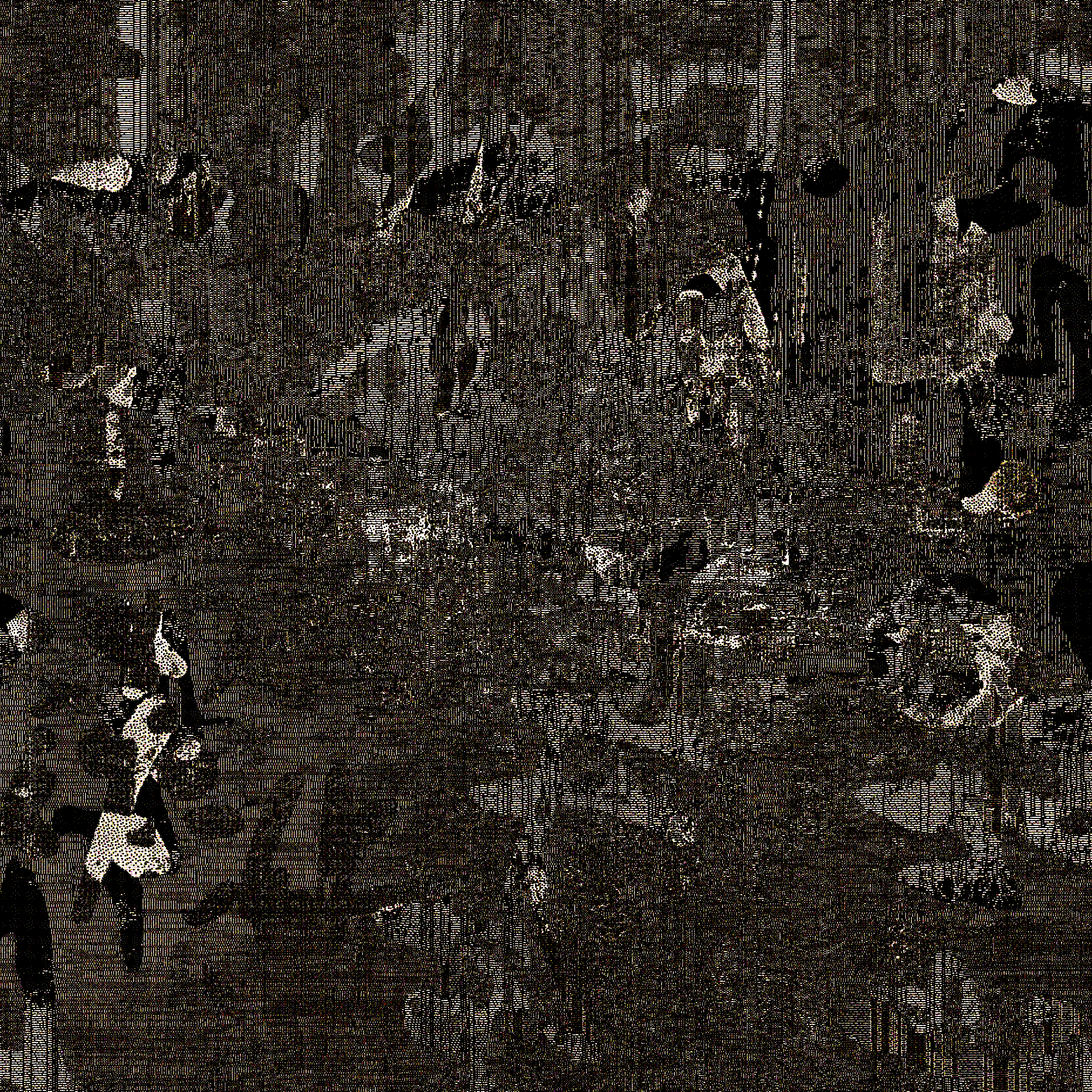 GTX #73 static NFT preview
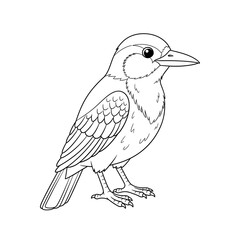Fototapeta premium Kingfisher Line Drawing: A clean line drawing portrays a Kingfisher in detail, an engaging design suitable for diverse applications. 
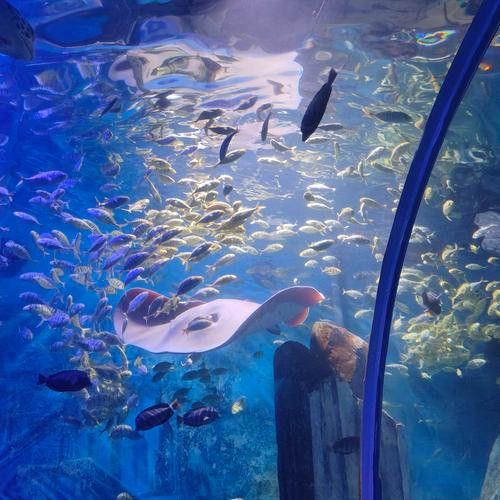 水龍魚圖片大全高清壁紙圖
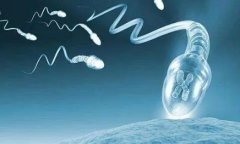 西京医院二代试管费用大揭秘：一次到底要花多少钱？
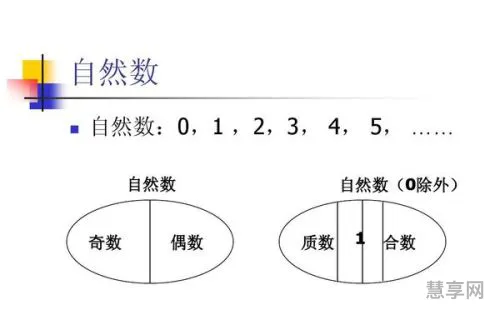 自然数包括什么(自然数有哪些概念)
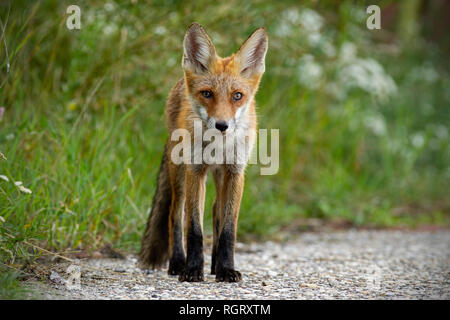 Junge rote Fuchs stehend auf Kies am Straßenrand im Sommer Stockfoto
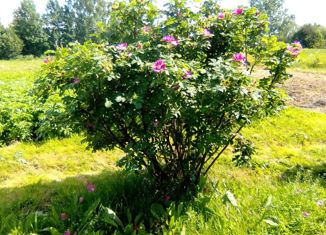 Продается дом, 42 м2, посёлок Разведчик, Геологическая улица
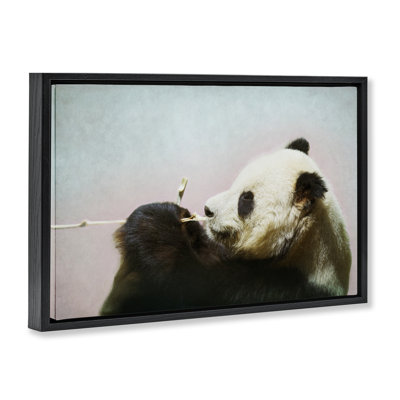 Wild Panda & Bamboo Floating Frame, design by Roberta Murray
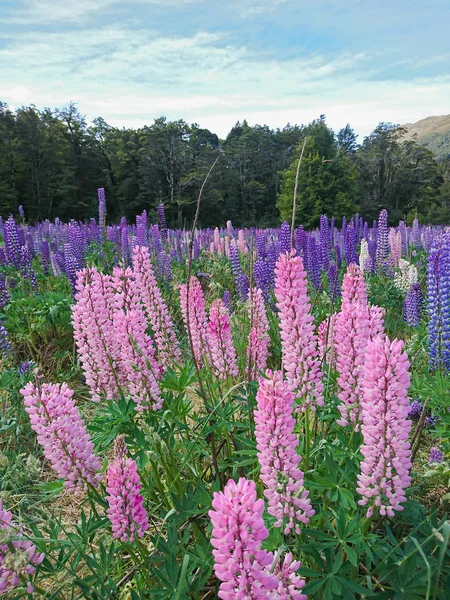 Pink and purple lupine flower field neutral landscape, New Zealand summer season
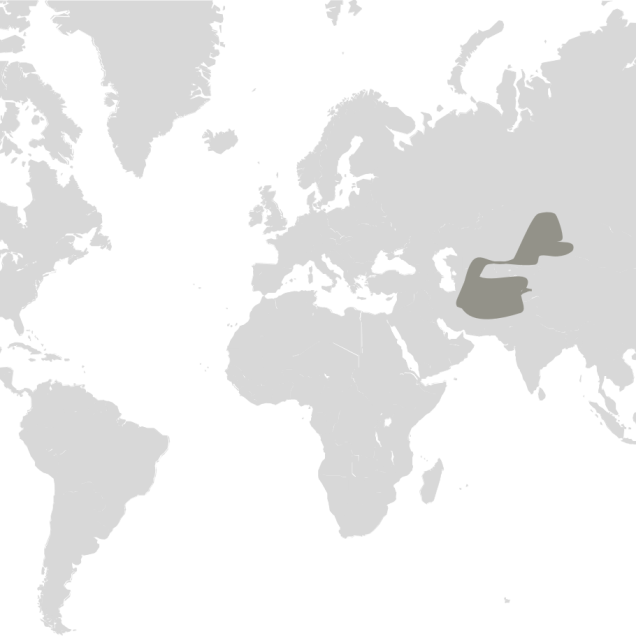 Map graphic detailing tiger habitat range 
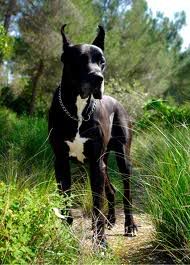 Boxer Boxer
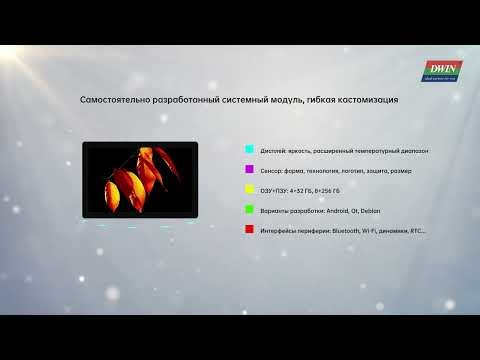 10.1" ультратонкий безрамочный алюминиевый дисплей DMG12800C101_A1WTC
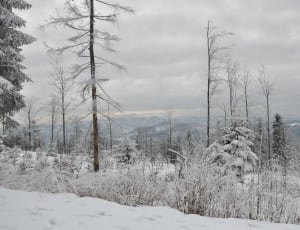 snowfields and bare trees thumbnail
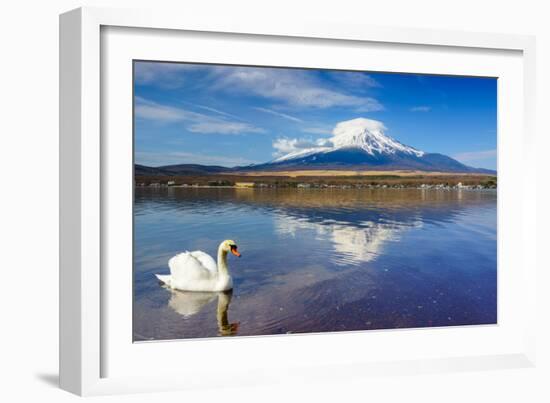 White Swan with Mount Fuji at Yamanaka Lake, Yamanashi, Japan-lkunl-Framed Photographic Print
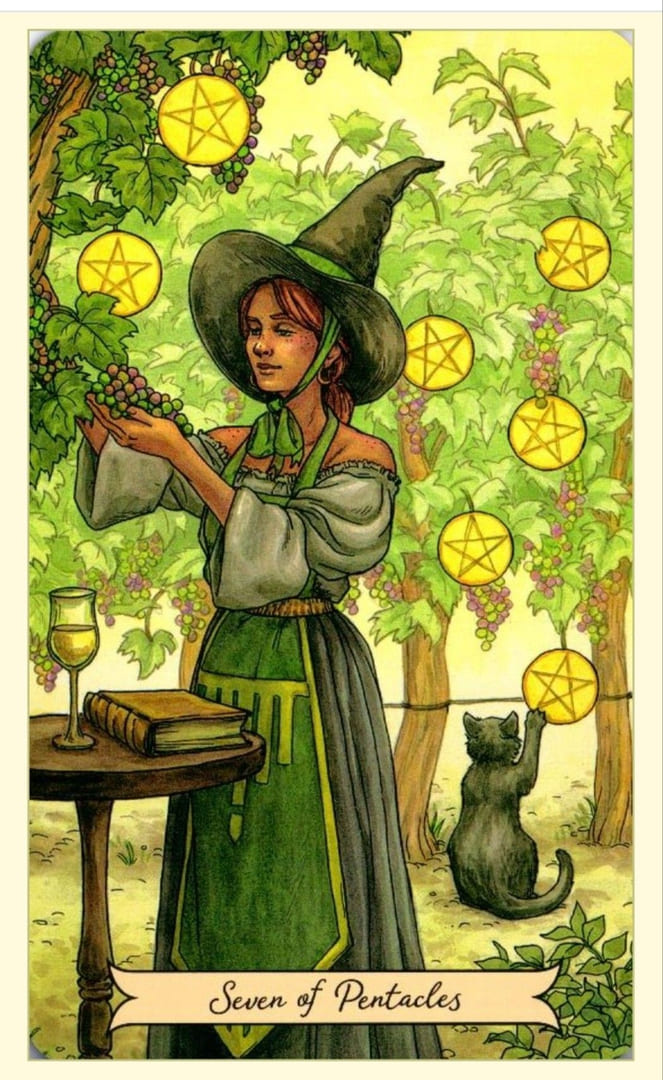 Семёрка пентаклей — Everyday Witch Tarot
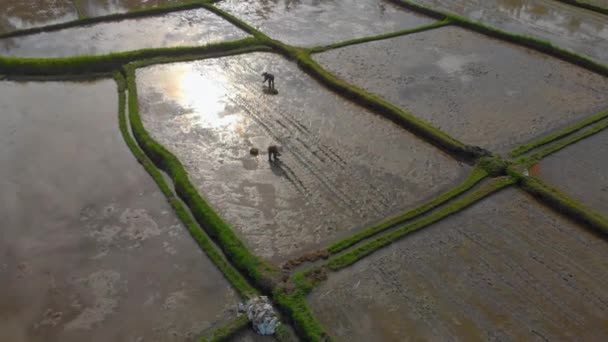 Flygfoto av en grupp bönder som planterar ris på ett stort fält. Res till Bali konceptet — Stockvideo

== WORK TASK ==
Go to the line containing "White Swan with", then write out word for word every line from there to the end of the listing. Keep both end lines and drop the pictures.

== FINISHED EXERCISE ==
 White Swan with Mount Fuji at Yamanaka Lake, Yamanashi, Japan-lkunl-Framed Photographic Print
 Семёрка пентаклей — Everyday Witch Tarot
 Flygfoto av en grupp bönder som planterar ris på ett stort fält. Res till Bali konceptet — Stockvideo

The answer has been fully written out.